Spin the Spectrum is housed at Willis’ practice, Speech Wings Therapy. Some students have participated in both programs. Willis has witnessed these students navigate life from the sidelines with the weight of their communication disorders, but when they walk into DJ school, that weight is lifted.
“They have found a way to not feel different. For that period in time, and with this thing that they can do, they are not different,” she says.
The turntable allows students true autonomy and self expression, a rarity allotted to neurodivergent individuals. Gratitude is expressed through joy.
“We haven’t been approached with a student we have not been able to make smile,” Straughter says. “You can’t say that they came in smiling, but at some point, they smile because they were overcome with the joy of being able to do something cool.”
For Sid, DJ school is a social release. It is the highlight of his week. He works his schedule around going DJ school to ensure that he gets the opportunity to learn from “DJ Clipp” and spin his favorite song—“Wobble”—himself.
“DJ Clipp—he’s hilarious, he’s cool, he’s nice, and he’s really talkative,” Sid says. “And he smiles a lot.”
For Sid, the crowning title of DJ is synonymous with friend. Straughter, who does not use DJ in his stage name as a nod to his multiple endeavors, makes an exception for Sid.

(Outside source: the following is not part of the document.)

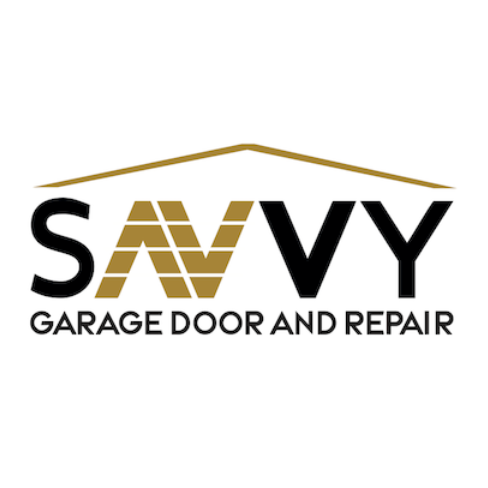 Savvy Garage Door and Repair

“He’s someone who’s so driven by the art of what I do, the profession. I’m able to share that with other people [through Spin the Spectrum]. I can’t even put into words truly how amazing it makes me feel,” Straughter says.

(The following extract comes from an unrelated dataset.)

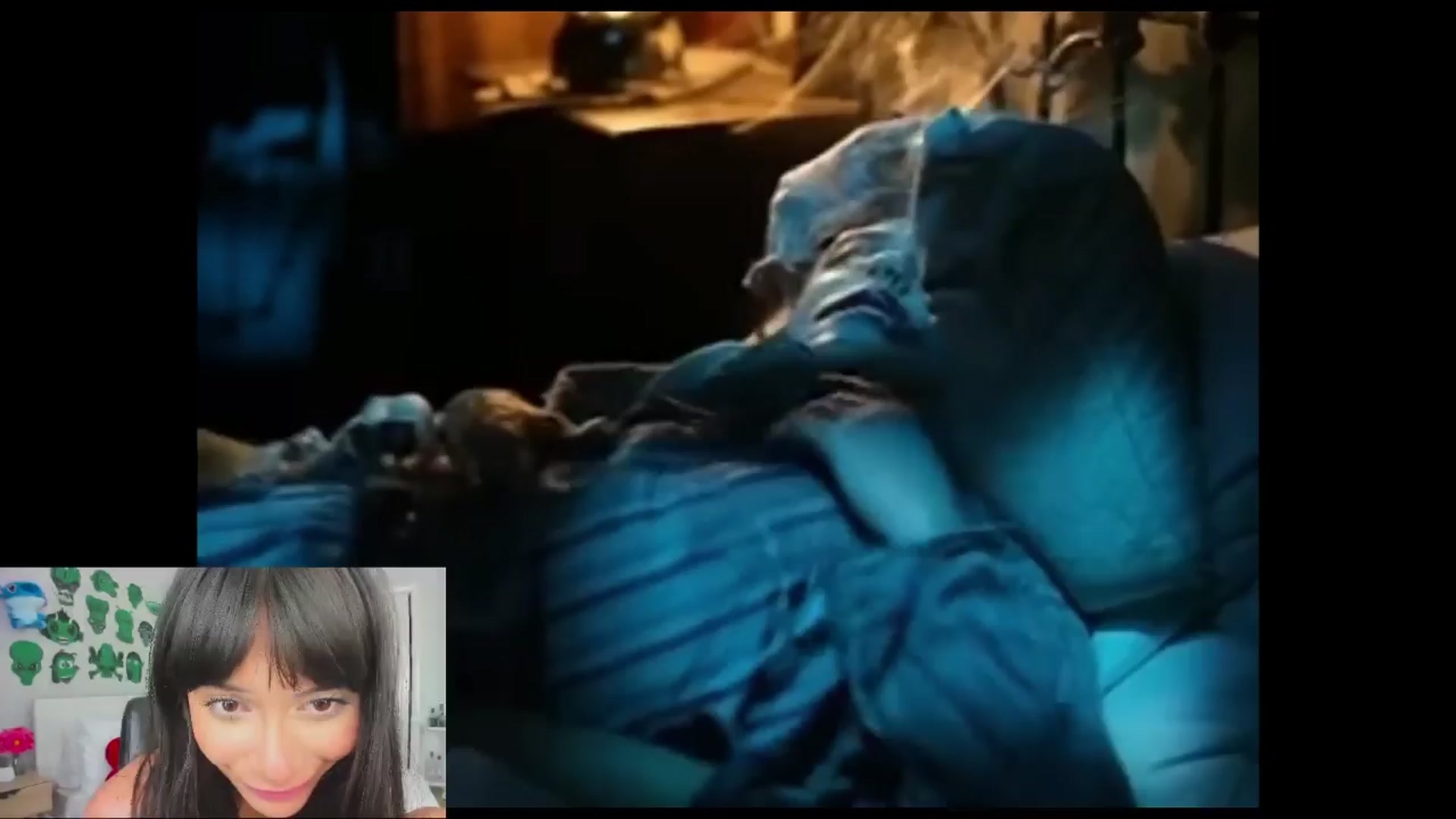 Gallery image thumbnail from KleoBratra's myfreecams stream on, 03/25/2024, 24:27 image 9 of 20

Students in the program have displayed gains far beyond a DJ skillset. Willis says she’s seen students make strides in reading comprehension, social interaction initiation, emotional regulation, executive function, sequencing, and describing events. Both nonverbal and verbal communication has increased in some students, too.
“Music, especially as a DJ, is communication,” Willis says. “I’ve watched lesson after lesson, when Jay works with the kids, a true communication back and forth between the two of them, even if no language is expressed. You don’t have to speak to be able to do this.”